Tuesday, November 14, 2006

God Delusion #15: Religious experience and the Human Brain


Dawkins argues against an argument for God on the basis of personal religious experience. He writes, "This argument from personal experience is the one that is most convincing to those who claim to have had one. But it is the least convincing to anyone else, and anyone knowledgeable about psychology." (88)

And he concludes this section by writing, "If you've had such an experience, you may well find yourself believing firmly that it was real. But don't expect the rest of us to take your word for it, especially if we have the slightest familiarity with the brain and its powerful workings." (92)
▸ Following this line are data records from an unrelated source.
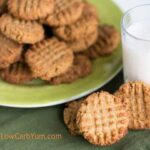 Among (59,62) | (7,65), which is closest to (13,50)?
(7,65)

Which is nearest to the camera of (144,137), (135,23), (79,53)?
(144,137)

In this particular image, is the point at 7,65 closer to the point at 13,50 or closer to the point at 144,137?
the point at 13,50

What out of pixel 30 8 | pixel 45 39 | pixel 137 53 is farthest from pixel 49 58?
pixel 137 53

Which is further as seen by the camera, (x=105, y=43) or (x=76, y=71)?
(x=105, y=43)

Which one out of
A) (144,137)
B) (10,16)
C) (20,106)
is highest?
(10,16)

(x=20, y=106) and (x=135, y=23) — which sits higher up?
(x=135, y=23)

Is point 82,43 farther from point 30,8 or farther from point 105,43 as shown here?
point 30,8

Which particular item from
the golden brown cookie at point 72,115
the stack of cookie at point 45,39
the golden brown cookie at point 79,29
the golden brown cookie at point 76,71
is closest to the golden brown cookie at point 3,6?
the stack of cookie at point 45,39

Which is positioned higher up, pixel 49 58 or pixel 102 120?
pixel 49 58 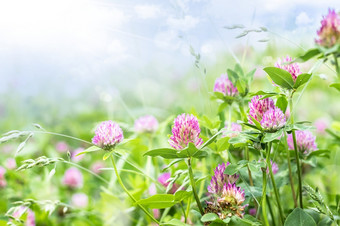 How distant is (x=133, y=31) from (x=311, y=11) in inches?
16.6

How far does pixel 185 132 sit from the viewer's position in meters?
0.60

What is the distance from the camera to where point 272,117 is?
58 cm

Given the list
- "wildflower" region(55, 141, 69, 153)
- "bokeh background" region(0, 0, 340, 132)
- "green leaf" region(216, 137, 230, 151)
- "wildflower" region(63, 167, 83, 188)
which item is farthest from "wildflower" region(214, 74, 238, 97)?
"wildflower" region(55, 141, 69, 153)

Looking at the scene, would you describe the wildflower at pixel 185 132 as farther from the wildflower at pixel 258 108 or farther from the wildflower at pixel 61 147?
the wildflower at pixel 61 147

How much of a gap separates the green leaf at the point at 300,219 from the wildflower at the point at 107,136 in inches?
11.3

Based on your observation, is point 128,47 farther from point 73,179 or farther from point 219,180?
point 219,180

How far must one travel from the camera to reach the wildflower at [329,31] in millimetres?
494

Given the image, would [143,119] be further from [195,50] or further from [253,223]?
[253,223]

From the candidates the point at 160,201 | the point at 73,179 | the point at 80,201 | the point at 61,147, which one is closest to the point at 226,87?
the point at 160,201

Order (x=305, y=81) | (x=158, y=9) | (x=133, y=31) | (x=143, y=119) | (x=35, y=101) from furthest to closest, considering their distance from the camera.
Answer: (x=35, y=101), (x=143, y=119), (x=133, y=31), (x=158, y=9), (x=305, y=81)

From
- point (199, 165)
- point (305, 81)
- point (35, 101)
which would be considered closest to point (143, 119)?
point (199, 165)

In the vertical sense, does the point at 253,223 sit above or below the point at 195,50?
below

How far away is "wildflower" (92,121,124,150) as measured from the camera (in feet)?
2.08

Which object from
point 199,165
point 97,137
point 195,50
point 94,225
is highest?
point 195,50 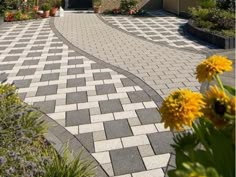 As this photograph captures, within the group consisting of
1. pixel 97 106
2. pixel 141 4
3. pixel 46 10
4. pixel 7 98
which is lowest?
pixel 97 106

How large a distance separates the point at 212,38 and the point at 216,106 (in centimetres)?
905

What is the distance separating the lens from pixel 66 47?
970 centimetres

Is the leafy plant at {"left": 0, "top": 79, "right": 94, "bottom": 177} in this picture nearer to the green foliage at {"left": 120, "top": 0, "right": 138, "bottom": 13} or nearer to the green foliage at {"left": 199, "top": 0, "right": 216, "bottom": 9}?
the green foliage at {"left": 199, "top": 0, "right": 216, "bottom": 9}

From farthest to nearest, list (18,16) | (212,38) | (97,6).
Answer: (97,6) < (18,16) < (212,38)

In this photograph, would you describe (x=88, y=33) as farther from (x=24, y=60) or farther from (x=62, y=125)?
(x=62, y=125)

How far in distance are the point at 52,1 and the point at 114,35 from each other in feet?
28.0

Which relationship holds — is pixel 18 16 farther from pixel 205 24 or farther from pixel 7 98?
pixel 7 98

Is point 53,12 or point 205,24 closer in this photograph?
point 205,24

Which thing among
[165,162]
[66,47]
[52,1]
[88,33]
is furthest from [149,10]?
[165,162]

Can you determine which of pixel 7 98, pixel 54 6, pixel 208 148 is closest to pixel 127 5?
pixel 54 6

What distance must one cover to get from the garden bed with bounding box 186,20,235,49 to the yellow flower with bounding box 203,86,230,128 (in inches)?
324

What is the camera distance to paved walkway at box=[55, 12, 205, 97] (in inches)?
251

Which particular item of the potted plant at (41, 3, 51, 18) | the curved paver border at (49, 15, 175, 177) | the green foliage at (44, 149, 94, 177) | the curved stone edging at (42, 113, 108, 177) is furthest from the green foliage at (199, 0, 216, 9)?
the green foliage at (44, 149, 94, 177)

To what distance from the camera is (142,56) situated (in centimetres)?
837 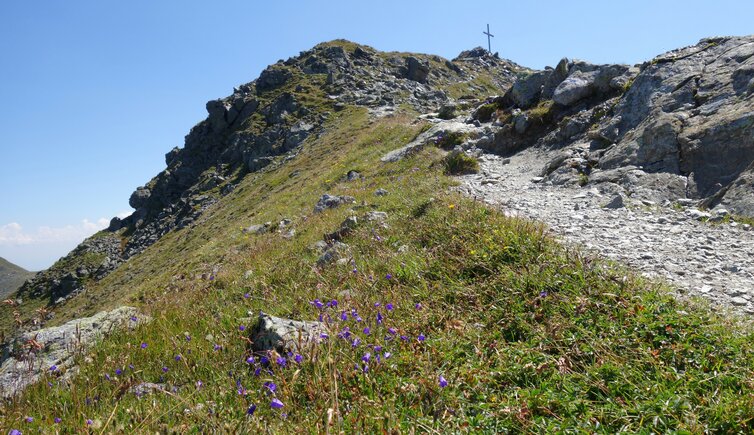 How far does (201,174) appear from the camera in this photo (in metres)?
69.8

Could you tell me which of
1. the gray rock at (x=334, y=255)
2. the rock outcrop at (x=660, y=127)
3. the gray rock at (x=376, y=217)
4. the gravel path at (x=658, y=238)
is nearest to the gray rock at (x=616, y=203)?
the gravel path at (x=658, y=238)

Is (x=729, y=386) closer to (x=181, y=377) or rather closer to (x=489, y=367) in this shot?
(x=489, y=367)

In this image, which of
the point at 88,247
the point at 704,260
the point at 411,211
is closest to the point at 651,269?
the point at 704,260

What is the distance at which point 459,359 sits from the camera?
12.4ft

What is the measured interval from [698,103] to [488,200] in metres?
6.01

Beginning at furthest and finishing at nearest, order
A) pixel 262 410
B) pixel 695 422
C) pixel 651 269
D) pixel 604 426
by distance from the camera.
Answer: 1. pixel 651 269
2. pixel 262 410
3. pixel 604 426
4. pixel 695 422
Now this section is of particular interest to me for at least two reasons: 1)I have personally had powerful "religious experiences"; and 2) James Ashbrook was on my doctoral dissertation committee. Ashbrook, a psychologist, was especially interested in neuropsychology and has written, among other things, The Human Mind and the Mind of God: Where Religion and Neuroscience Meet.

In my doctoral dissertation on metaphor theory I incorporated neurolinguistic studies on cognition and figurative language. I have been and remain quite interested in neurolinguistics and neuropsychology. While I am not a scholar in those fields, becoming familiar with the human brain does nothing to make me skeptical of my own religious experiences. Why not?

In the recent Time magazine discussion between Dawkins and Francis Collins, Collins says this: "I find that studying the natural world is an opportunity to observe the majesty, the elegance, the intricacy of God's creation." I have many personal friends who are university scientists who feel exactly as Collins does. I feel that way too. I have for a very long time felt that way. For me scientific discoveries enter me more deeply into "the majesty, the elegance, the intricacy of God's creation." Study of the human mind provides no exception to this. (And note: here is where I find the atheists' Owen Flanagan, Stephen Pinker, and Daniel Dennett incoherent as they reduce human behavior to both deterministic and indeterministic constraints and then try to explain "free will."]

Would there be any thoughts/ideas/theories/religious experiences for Dawkins that are not finally reducible to the workings of the brain? I don't think so. But to imply that such thoughts/ideas/theories/religious experiences are simply the workings of the brain undercuts Dawkins's own thoughts/ideas/theories. Which is absurd.